发布时间:2024-10-19 05:51人气:

  公司集团资金池以企业部门间的资本要素流动为基本前提,聚合公司集团内各成员公司的资金,但资金转轨的摩擦成本势必阻滞其流动自由与效率,埋下隐患。集团资金池的建立通常以财务公司或现金管理协议为依托,以委托贷款为资金流动形式,具有双层委托结构。集团资金池存在侵蚀小股东倾向、动摇公司独立人格、沦为逃废债工具、放大系统性风险等诸多弊端和风险。基于公司治理机制、对控制人的制衡机制等,可以构建集团资金池的良好范式。

  新型工业化是强国之路,先进制造业是强国之基,推进新型工业化和先进制造业集群高质量发展事关全局、事关长远,是中国发展到当前阶段所必然面临的挑战。但新型工业化的推动,不仅是工业部门的技术突破,更是现代化企业的全面发展。在新型工业化的道路上,必然离不开资本市场的鼎力支持,离不开资本要素的高效流通,从各类政府引导基金的成立,到“国家大基金”直接下场投资半导体产业,我们看到建立在现代资本要素市场制度之上的新型工业化得到了蓬勃发展。

  站在企业的微观角度,如果说外部市场是资本要素的大循环,那么集团资金池就是企业资本要素的内循环。在现代企业的发展过程中,集团资金池从外汇交易这一特定目的发展而来,到如今几乎成为中大型企业必然存在的配套设施,不仅在于它拓展了企业的安全边界,而且与财务成本管理中内部资本的优势理论相契合,提升了集团内资本要素的效率。但是,集团资金池不是脱离现代企业制度的孤立的配套,而是内嵌于公司整体框架下的工具,如果这一工具的利用会对整体系统造成冲击,那么势必需要重新审视工具的边界收益,在现代公司制度框架下探寻对这一工具的“规训”之道。因此,本文要讨论的是如何在公司法视角下重新认识集团资金池这一财务工具,剖析其对公司人格、资本维持等公司法基本原则的冲击,并试图在关联交易、决议程序等公司法等内部制度中找到集团资金池的优化之策。
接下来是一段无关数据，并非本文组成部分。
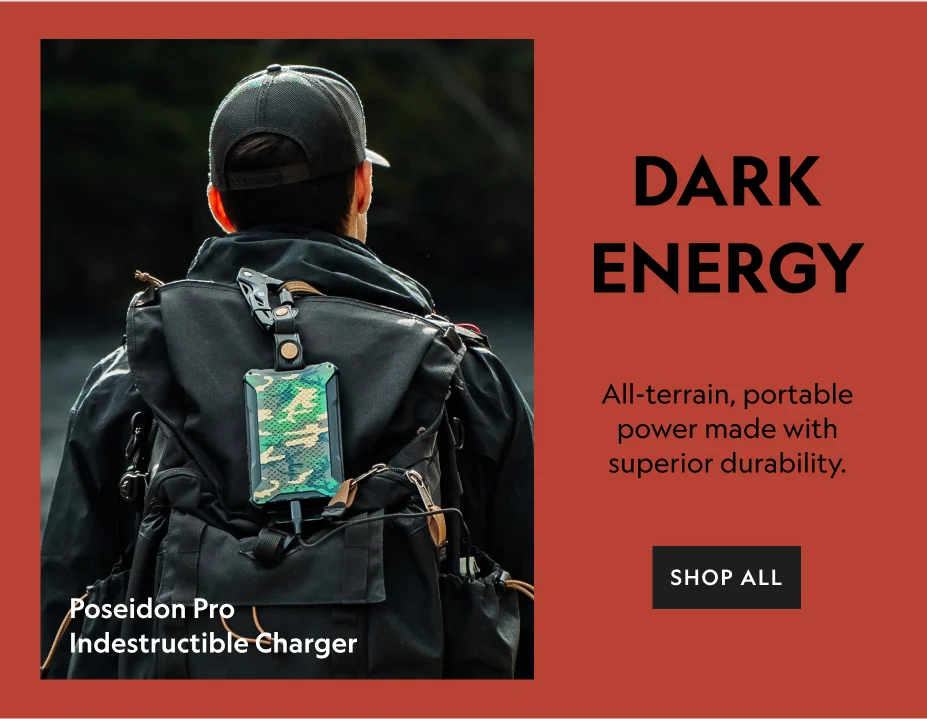 Dark Energy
  集团资金池,是指企业集团基于资金集中管理的目的,对集团成员公司的账户资金进行统一调拨和管理,在企业集团内部形成的财务资金集合。在财务管理学中,集团资金池属于公司营运资本管理范畴,是集团企业司库管理的一种形式。实务中集团资金池具有将日常借款需求最小化、降低对银行的风险敞口、让贷方余额的利息最大化、透支账户的利息最小化等优点。目前,定时现金池、实时现金池、虚拟现金池等模式在国内已经得到普遍的应用。需要说明的是,集团资金池与资管、债券业务中的资金池完全不同,后者以滚动发行、集合运作、期限错配、分离定价为特征,采取多对多的运作方式,金融监管机构重点清理、整治的对象,甚至可能涉及刑事责任评价问题,该类资金池并非本文展开探讨的对象。

  集团资金池之所以大行其道,是由资本自身的特性所决定的。所以在进一步解构集团资金池这一交易模式之前,有必要将其置入资本要素流动的背景下予以分析和阐释,这将有助于理解其本质上的产生机理,进而使得后续的规制方案更符合资本流动规律,从而取得良好的效果。
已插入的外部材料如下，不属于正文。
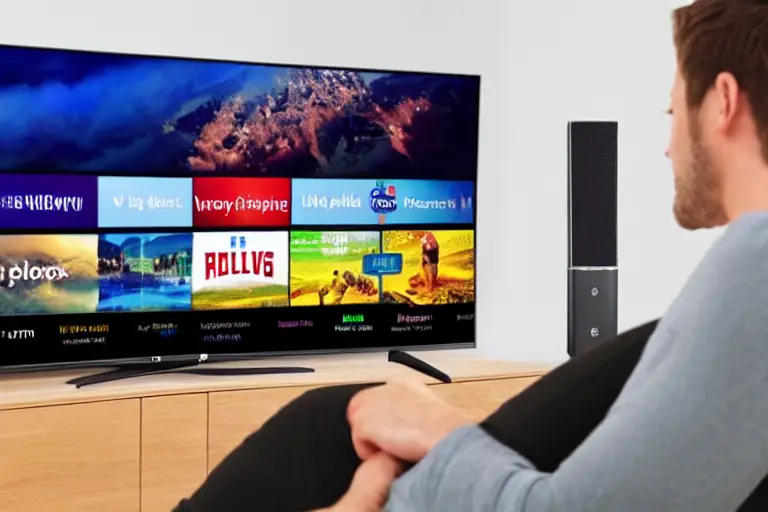 How to enable audio streaming on your TV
  诚如马克思关于资本的经典论述:“资本不能从流通中产生,又不能不从流通中产生。它必须既在流通中又在不流通中产生。”资本要素最大化逐利的本性和规避风险的特性,会引导其进行流动,资本要素流动与经济发展存在高度关联关系,即使是在社会主义市场经济条件下,资本要素同样具有逐利性、流动性和扩张性。如何在新时代更好发挥资本的作用,无疑是当下的时代之问。随着2022年4月我国发布《中央国务院关于加快建设全国统一大市场的意见》,应尽早实现要素和资源市场的统一,使得人力资源、资本、技术、数据信息等生产要素充分自由流动起来。由此观之,如何“正确认识和把握资本的特性和行为规律”“发挥资本作为生产要素的积极作用,同时有效控制其消极作用”,实谓至关重要。
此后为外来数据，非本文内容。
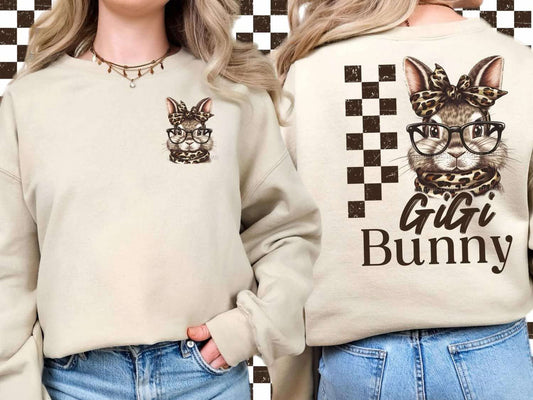 WS Completed Top Gigi Bunny
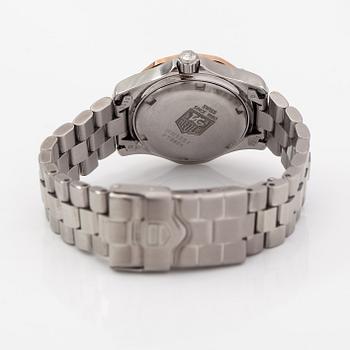 Tag Heuer, 2000, wristwatch 28 mm.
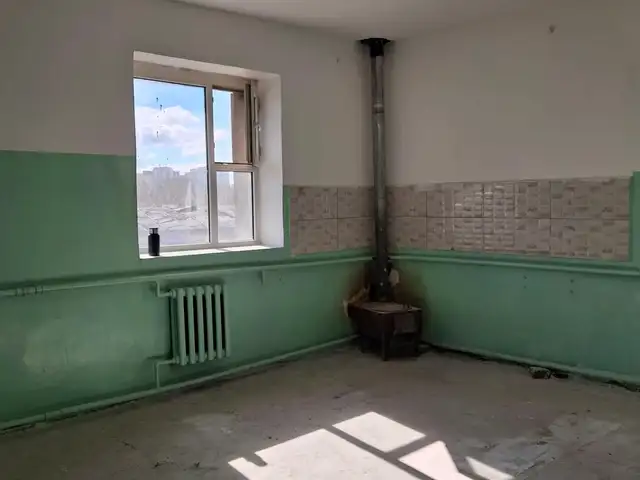 БЗД ажлын байрны зориулалттай 2 өрөө, Улаанбаатар — Баянзүрх — 16-р хороолол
  作为部门资本要素微观流动的一种形态,企业或企业集团内部的纵向资本要素流动并不鲜见,且经常与集团外部的横向流动相结合,进而形成一种企业部门的混合流动。这为集团资金池的出现提供了理论基础,即:集团资金池是以企业部门间的资本要素流动特别是内部纵向流动为基本前提的。在此基础上,集团资金池聚合了某一个公司集团内各个独立公司法人的本应其自身支配的资金,即形成了一个相对规模较大资本要素集合,可谓汇“小流而成湖泊”。而该种集合中的资金,本可基于其自身所属企业的经营情况自由地对外进行流动。这可以理解为企业内源性融资的一种形式,亦是实体经济横向金融系统的有机组成部分。但公司集团资金池的模式在实践中运用效果如何,并非是一个不可追问的问题。如果资金的内部拨转与外部兑付能够毫无阻滞的丝滑进行,自然是理想状态,甚至可以发挥规模效应,使得资本利用效率得到提升。然而理想模型与现实的差别毕竟存在,资金转轨的摩擦成本在其彻底消弭之前,注定将阻滞其流动自由性与流动效率。前述案件就是例证,资金的流转甚至需要以司法裁判为依据,其效率可想而知。随着流转阻力与摩擦成本不断累积叠加,危机也就随之出现,康得新案与宝塔集团案就是有力证明。

  此外,集团资金池作为一种制度性的关联交易,似乎为大股东的“隧道挖掘”带来了便利。在集团资金池的交易架构下,大股东的控股权溢价得以充分释放,小股东却不能在公司框架内分享相应收益,进而引发大股东与小股东之间的利益冲突和代理问题。另一方面,由于集团资金池的构建缺乏约束,其负外部性不仅容易蔓延至集团成员公司,还会在金融杠杆的放大效应下对外部市场造成冲击,影响国际化、法治化营商环境的构建。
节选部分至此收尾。